In some cases, Pan-Asian films take on uniquely Asian subjects. Take "Musa," the Korean-Chinese epic due for release in Asia this summer. Set in the 14th century, it is about Korean soldiers who must travel to China to pay the emperor his annual tribute. Along the way, they get beaten up by Mongol troops and are forced to head home in disgrace. Their fate turns when they discover that a Chinese princess has been abducted by the Mongols. Only by getting the princess back can they save their lives and honor. "I wanted to describe the relationship between people in Korea and China, the human connections between the two countries," says director Kim Sung Su. "I wanted people to know that the countries could treat each other in a way that is warmhearted."
Pan-Asian film probably wouldn't have taken off without the help of another medium: television. Before reaching Hong Kong's big screen, many Japanese and Korean actors were small-screen heartthrobs. Japanese actor Takuya Kimura developed a cult following in Hong Kong based on pirated tapes of his TV drama, "Long Vacation," which finally appeared on regular Hong Kong TV last year. "Love Generation," another Kimura hit, was immediately gobbled up in Hong Kong. Two other Kimura dramas, "Beautiful Life" and "Concerto," became hits on Malaysian television last year. And award-winning Hong Kong director Wong Kar-wai plans to star Kimura in his forthcoming film "2046"--largely because he came to admire the actor on Japanese TV.

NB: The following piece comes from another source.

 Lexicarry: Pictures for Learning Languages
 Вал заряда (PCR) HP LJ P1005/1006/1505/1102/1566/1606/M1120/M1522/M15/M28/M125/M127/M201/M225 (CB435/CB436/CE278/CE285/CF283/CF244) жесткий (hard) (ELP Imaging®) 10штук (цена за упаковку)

Filming across borders doesn't always go smoothly. Often there is an improvisational quality to the projects; during the filming in Japan of the Hong Kong movie "Final Romance," Korean star Kim Min was horrified to learn that her lines were still being written moments before she was supposed to deliver them. And "Final Romance" director Alan Mak, of Hong Kong, found his creative style cramped by niggling questions from his meticulous Japanese crew last winter. "You have to tell them every detail," he says. "But some details I can't."
Then there's the language barrier. To get around it--and broaden appeal--directors are experimenting more with the use of language. The screenplay for Japanese director Masato Harada's next film, a drama called "Battling Angels," is in three languages--Japanese, Thai and English--with subtitles in two of the three. "It won't take 20 years for Pan-Asian film to go mainstream," he says. "It is already happening."
Nobody enjoys it more than the film stars. Being worshiped outside Korea gives 27-year-old Yunjin Kim the giggles. The first day of filming "Rush" in Tokyo, she says, the crew surprised her by saying "hello" and "thank you" in Korean--and even offering her kimchi for lunch. "They understood that if I felt at home and comfortable, I would do my best work." She knows that her success is largely due to the regional interest in Korean cinema. But that doesn't detract from the thrill of having teenagers ask her for an autograph in Tokyo's Aoyama district. "I still can't believe that I'm recognized in Japan," she says. Before long, she may have fans in the rest of Asia as well.